What you need to do >> Transcribe exactly, please, the line bearing "Thran Forge (The List)" and all later lines through the end of the records, with the pictures left out.

Given records below:

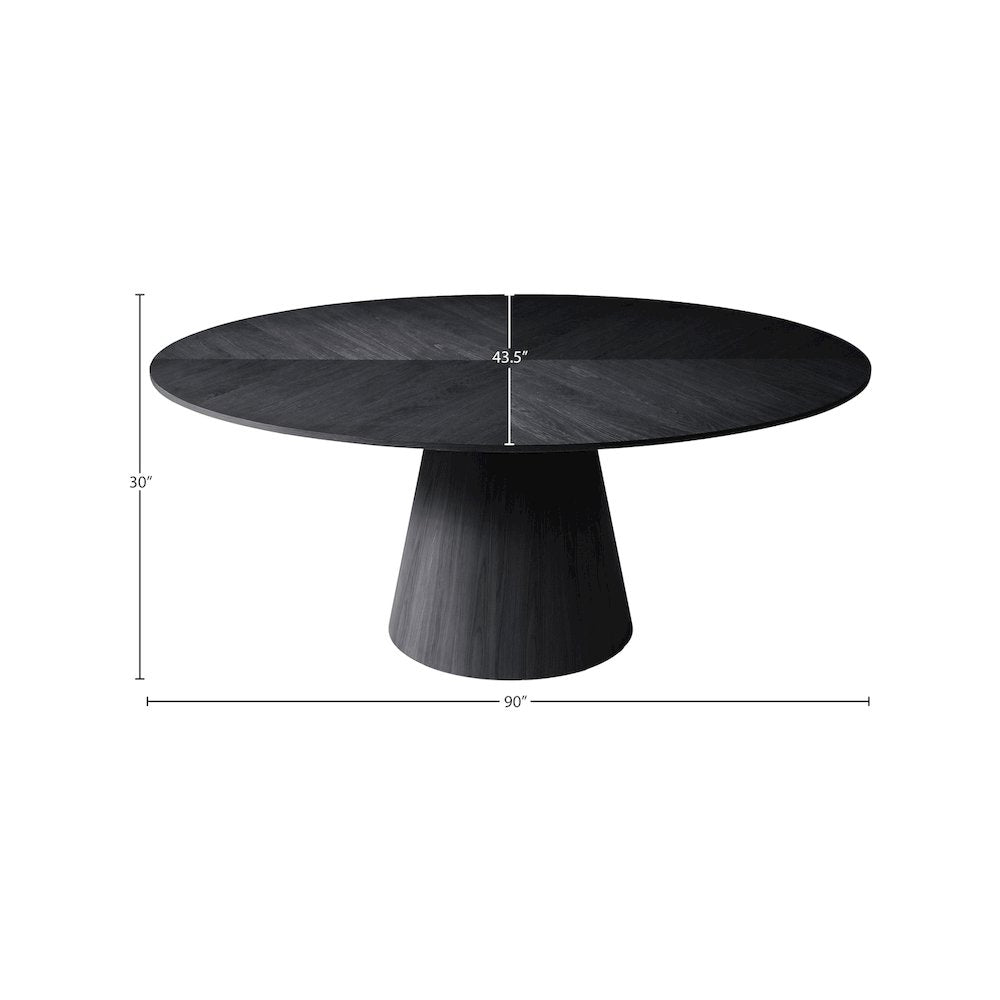Gavin Black Dining Table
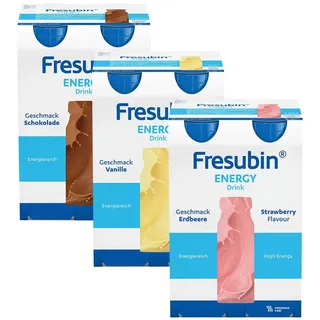 Fresubin Energy Trinknahrung Set 3 Sorten 3x4x200 ml Lösung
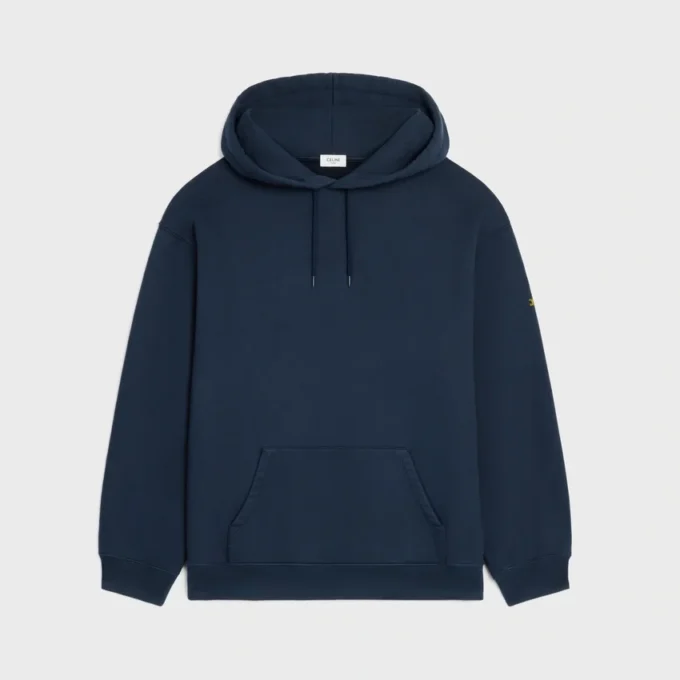 Sudadera con capucha de felpa de algodón Sudadera con capucha de felpa de algodón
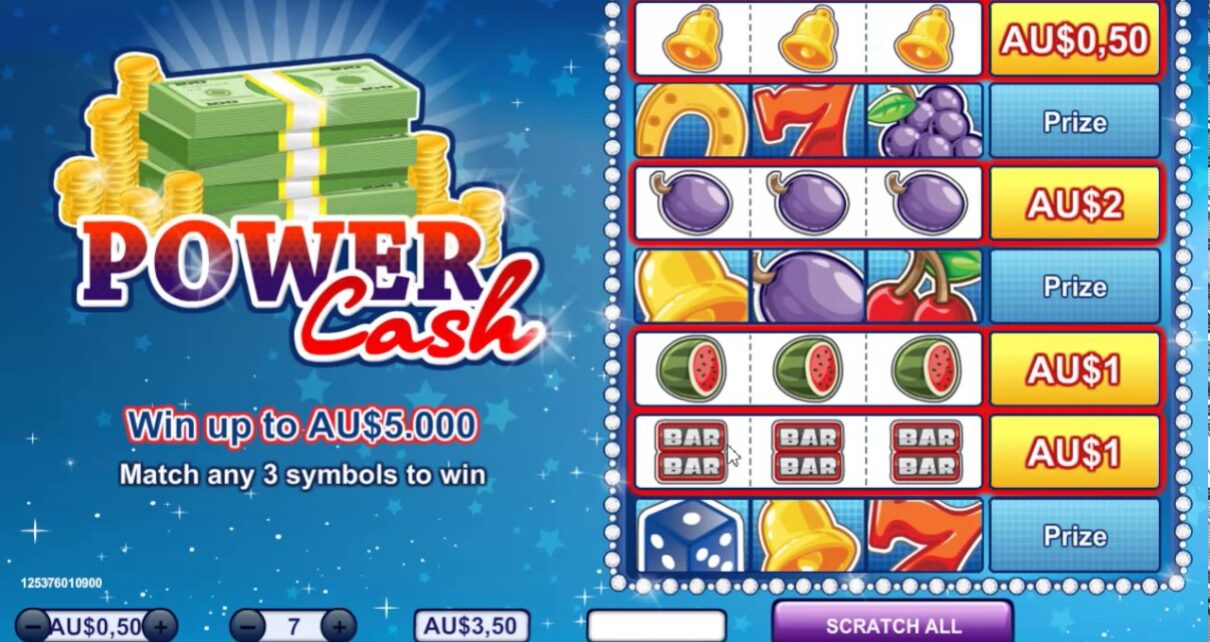 Online Casino With Scratch Cards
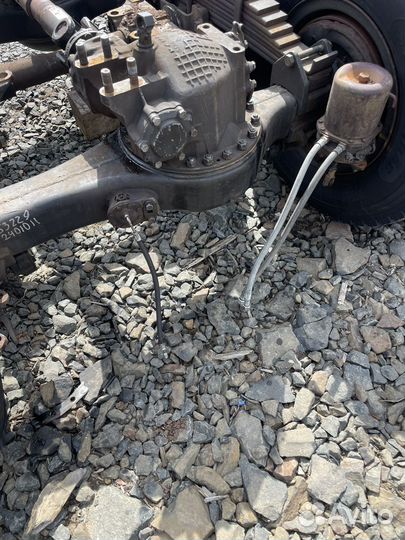 Мосты камаз 50 зубьев(телега в сборе)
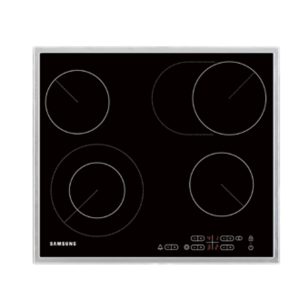 Informations générales · Type de modèle. Encastrable · Type. Ceramic Oui · Mode. 4 Single (2 Fast) · Frame. 4 Stainless Steel · Surface. Ceramic · Commandes.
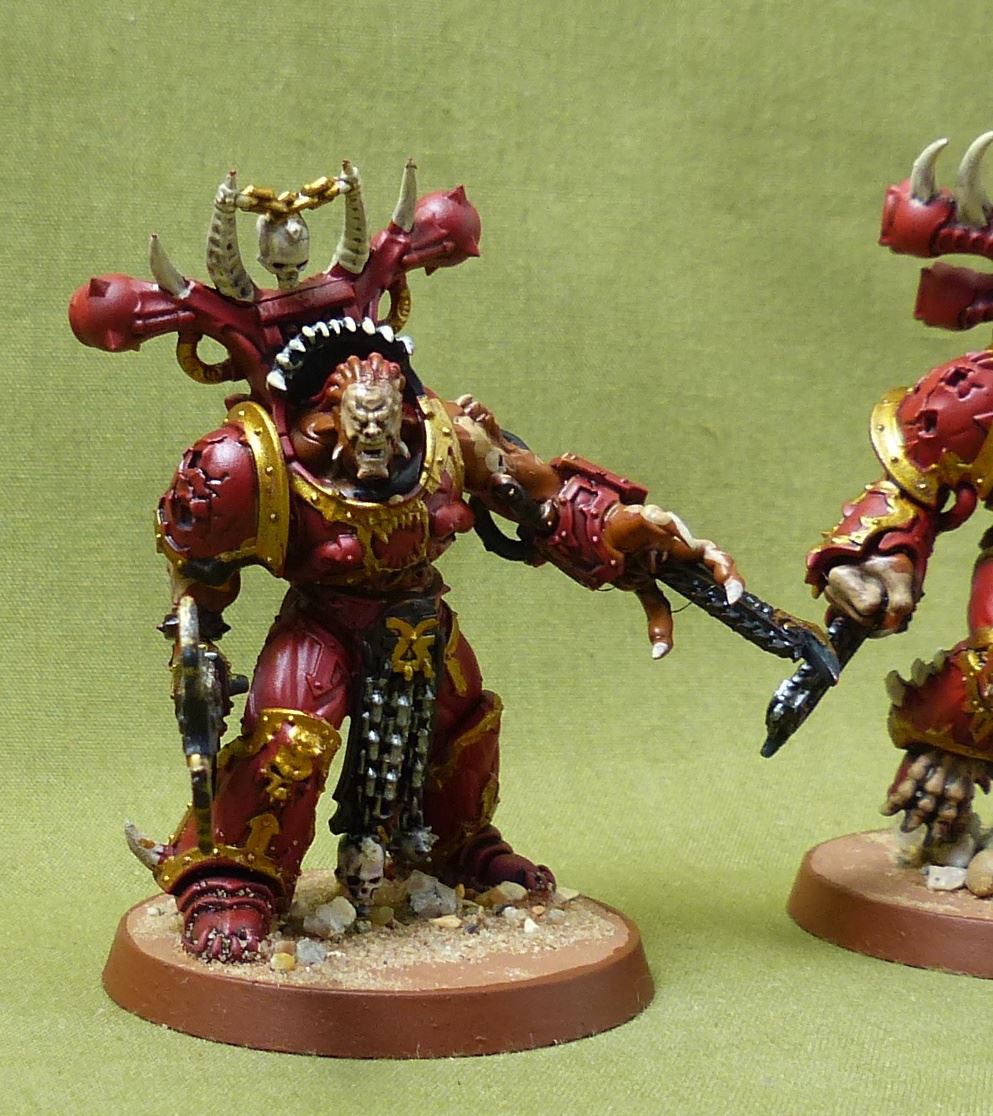 Exalted Eightbound painted - World Eaters - Warhammer 40K #4HK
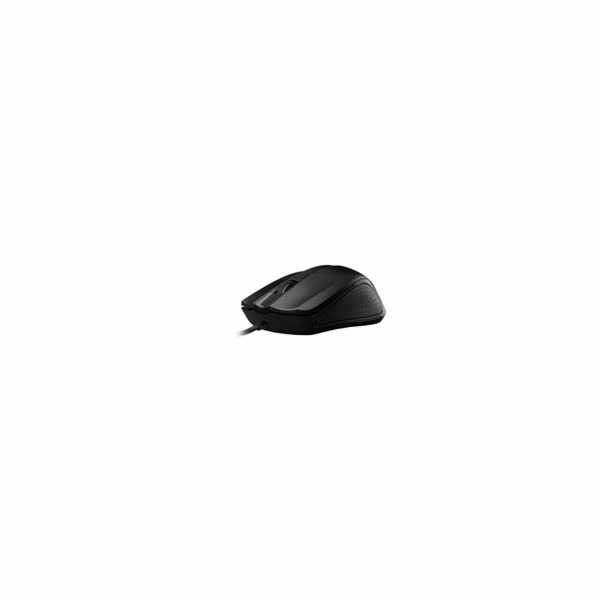 C-Tech WM-01BK myš, černá, USB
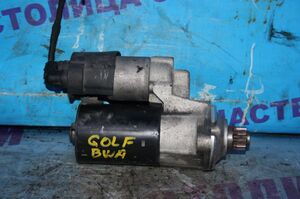 Стартер - GOLF 1K1, 1K5 BWA,  AXW,  BLR,  BLX,  BLY,  BVY,  BVZ,  BMB - 02E911023J -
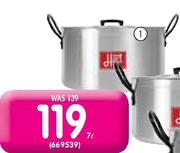 Hart 7L Aluminium Stewpan
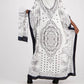 Advance Apparel - Geometric Print Kaftan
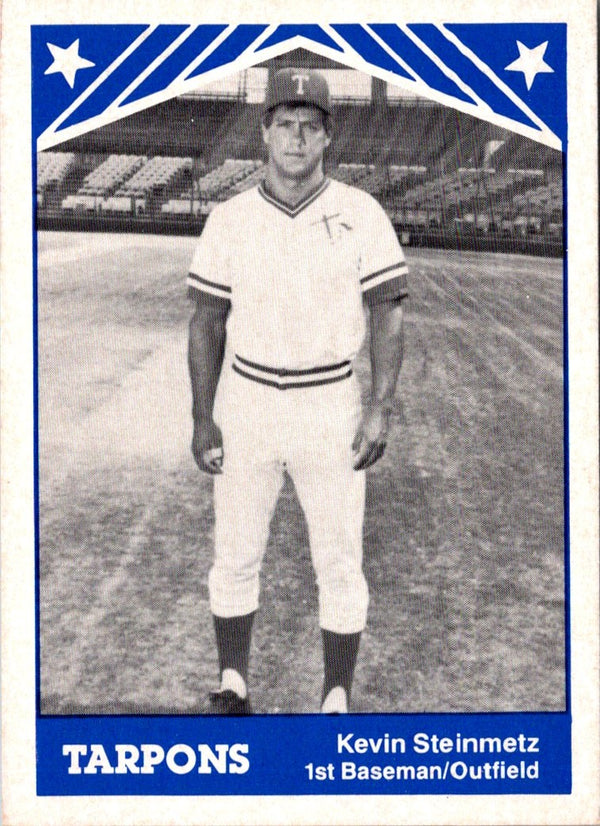 1983 TCMA Tampa Tarpons Kevin Steinmetz #21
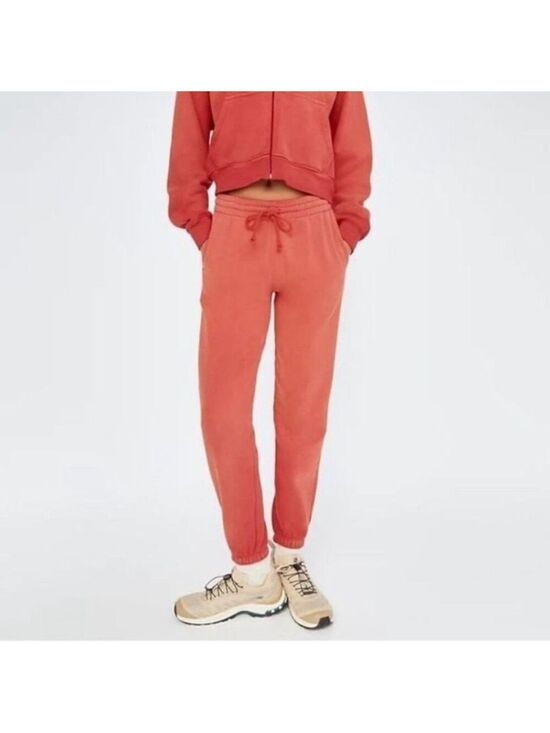 TNA Pants - TNA Cozy Fleece Boyfriend Sweatpant
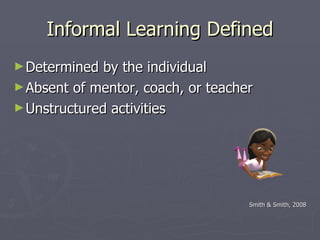 Informal Learning | PPT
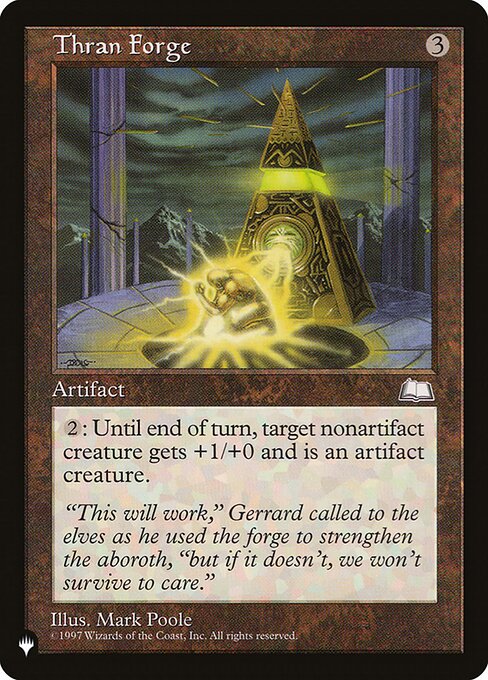 Thran Forge (The List)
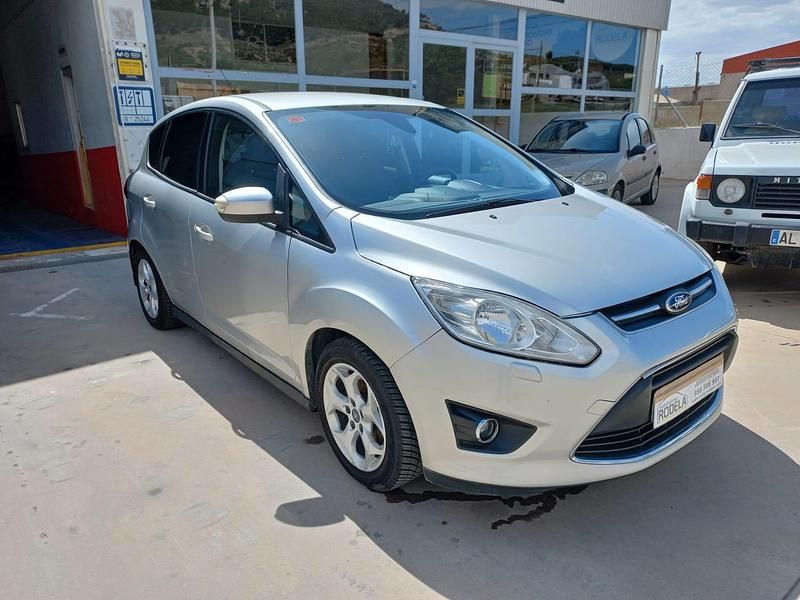 Gris plata Usado 2013 Ford C-MAX Trend Monovolumen | 9800 € (Caro) - Imagen 1/3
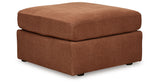 Pillar Peak 8-Piece Sectional with Ottoman in Spice from Ashley Furniture - Luna Furniture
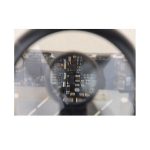 گیره مونتاژ ذره بین دار بهمراه پایه هویه و چراغ LED مدل TE-800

End of Given records.

Output of the task >>
 Thran Forge (The List)
 Gris plata Usado 2013 Ford C-MAX Trend Monovolumen | 9800 € (Caro) - Imagen 1/3
 Pillar Peak 8-Piece Sectional with Ottoman in Spice from Ashley Furniture - Luna Furniture
 گیره مونتاژ ذره بین دار بهمراه پایه هویه و چراغ LED مدل TE-800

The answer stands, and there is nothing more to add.